I’ve reached my fill after just two pieces, that Michelle Goldberg piece that Ed wrote about yesterday and now this new one from Matt Yglesias at Vox. I don’t deny that part of the impulse behind them is virtuous. If left and right together can inculcate an ethic against men abusing their power over women at work by making an example of their own worst offenders, better late than never. If nothing else, the “we should have been tougher on Bill” pieces can be cited later to invoke zero tolerance the next time a powerful Democrat is accused of sexual misconduct. Because there will be a next time, just as there’ll be a next time for powerful Republicans.
But the stench of opportunism is so thick, it’s suffocating. Only now, 20 years later, with the Clintons at the nadir of their political influence and a storm of sexual misconduct allegations in the media raging against left- and right-wingers alike to provide cover — only now is it safe to say, “Yeah, in hindsight, that wasn’t very woke of us”? Democrats had an opportunity just 18 months ago to reckon with Bill’s behavior and Hillary’s enabling of it by denying her their party’s nomination and they punted again. There’s not a right-winger from coast to coast who believes this sudden moment of candor about Bill’s scumbaggery would be nearly as candid if he and Hillary were in the White House today, assuming the moment came at all. Despite proudly proclaiming themselves the party of feminism, most Democrats would have approached it the same way most Republican voters approached the sexual assault allegations against Trump and the same way most Alabama Republican voters will approach the allegations against Roy Moore — the party simply has too much invested in this particular person to believe the accusations against him, no matter how credible. The women are lying because they have to be lying. Our hold on power depends upon it.
But now that Democrats’ investment in Bill and Hillary has tanked and a reappraisal of Bill’s character is costless, it’s a free-fire zone. In fact, reappraising Bill is better than costless for them. It reclaims some moral ground from which they can rightly pressure Trump about his own accusers. At last, the moment when Bill Clinton’s degeneracy is something of an asset to the left has arrived. Yglesias, at least, tries to find grounds for the reassessment in his own personal maturation:
As a married 30-something father, I’ve come around to a less “worldly” view of infidelity. As a co-founder of Vox, I’d never in a million years want us to be the kind of place where men in senior roles can get away with the kind of misconduct that we’ve seen is all too common in our industry and in so many others.

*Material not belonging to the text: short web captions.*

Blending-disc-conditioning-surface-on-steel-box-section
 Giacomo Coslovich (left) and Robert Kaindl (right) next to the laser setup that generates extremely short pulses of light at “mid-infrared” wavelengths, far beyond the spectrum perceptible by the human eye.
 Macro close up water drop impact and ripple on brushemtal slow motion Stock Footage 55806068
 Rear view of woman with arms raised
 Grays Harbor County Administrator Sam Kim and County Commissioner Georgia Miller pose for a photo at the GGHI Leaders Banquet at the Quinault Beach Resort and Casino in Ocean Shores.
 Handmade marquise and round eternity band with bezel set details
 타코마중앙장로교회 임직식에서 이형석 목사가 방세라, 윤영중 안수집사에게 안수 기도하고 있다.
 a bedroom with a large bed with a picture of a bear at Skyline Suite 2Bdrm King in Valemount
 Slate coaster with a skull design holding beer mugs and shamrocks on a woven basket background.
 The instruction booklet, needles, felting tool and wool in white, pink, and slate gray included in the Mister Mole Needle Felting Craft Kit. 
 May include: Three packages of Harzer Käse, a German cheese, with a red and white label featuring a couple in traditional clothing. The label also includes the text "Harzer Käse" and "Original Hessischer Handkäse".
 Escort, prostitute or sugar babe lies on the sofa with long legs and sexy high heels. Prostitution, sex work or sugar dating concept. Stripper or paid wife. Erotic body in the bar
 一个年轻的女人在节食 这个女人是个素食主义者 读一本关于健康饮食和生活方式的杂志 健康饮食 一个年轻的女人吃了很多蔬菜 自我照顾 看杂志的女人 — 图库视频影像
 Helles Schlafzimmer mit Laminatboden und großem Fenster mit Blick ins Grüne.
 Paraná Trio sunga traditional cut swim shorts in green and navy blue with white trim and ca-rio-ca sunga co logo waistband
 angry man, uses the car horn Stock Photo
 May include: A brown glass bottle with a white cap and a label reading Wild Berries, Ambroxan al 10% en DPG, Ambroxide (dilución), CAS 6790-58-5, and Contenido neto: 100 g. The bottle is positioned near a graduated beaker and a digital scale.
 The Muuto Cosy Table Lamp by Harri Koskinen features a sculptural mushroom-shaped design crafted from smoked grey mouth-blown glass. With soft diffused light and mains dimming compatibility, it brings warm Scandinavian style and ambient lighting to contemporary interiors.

Most of all, as a citizen I’ve come to see that the scandal was never about infidelity or perjury — or at least, it shouldn’t have been. It was about power in the workplace and its use. The policy case that Democrats needed Clinton in office was weak, and the message that driving him from office would have sent would have been profound and welcome. That this view was not commonplace at the time shows that we did not, as a society, give the most important part of the story the weight it deserved.
That’s nice, but even Yglesias allows for the possibility that having a VP who’s problematic in policy terms waiting in the wings might be good reason to continue looking the other way at the president’s misbehavior. In fact, he says, Dems would have good cause to look the other way at Bob Menendez’s behavior (at least for awhile) knowing that Republican Chris Christie would appoint his replacement if he resigned over his bribery scandal anytime soon.
I’ve had all I can stands, I can’t stands no more. Neither can Ben Shapiro:
Ygelsias says that Republicans shouldn’t have bothered going after Clinton for perjury. Instead, they should have used the feminist line that Lewinsky had been cudgeled into her affair – they should have said that Clinton’s seduction of Lewinsky was “morally bankrupt and contributing, in a meaningful way, to a serious social problem that disadvantages millions of women throughout their lives.” Which, of course, wouldn’t have worked, since the Left at the time suggested that Monica was a slut who wanted Bill, not a victimized innocent pressured by the most powerful man on earth. Had the Right suggested that Bill used his superior position to get Lewinsky to service him, the Left immediately would have called them sexist for depriving Lewinsky of “agency.” That’s the beautiful convenience of Leftist sexual morality: it’s utterly malleable to the political needs of the moment.
Can we please agree to end the “Bill was wrong” op-ed genre before it gets rolling? It has its uses, like helping to drive consensus on the impropriety of harassment (hopefully there’s already consensus about the impropriety of rape), but the belatedness and opportunism involved does more to alienate right-wingers than to help find common ground, I think. Semi-dignified silence and making Bill scarce at party conventions going forward are preferable. The best thing both sides can do to reinforce cultural consensus on zero tolerance of predation is to purge their own ranks when they have the chance. Republicans whiffed on that with Trump but the congressional leadership is trying to bounce Roy Moore right now, at great risk to their own party. Although even that raises a question: If Moore weren’t so unpalatable to the leadership for *policy* reasons, if he weren’t so personally hostile to Mitch McConnell, if there wasn’t a struggle for the direction of the party between establishmentarians like McConnell and populists like Steve Bannon with Moore’s fate hanging in the balance, would Senate Republicans be shoving Moore towards the exit for allegedly having assaulted a teenaged girl? I wonder.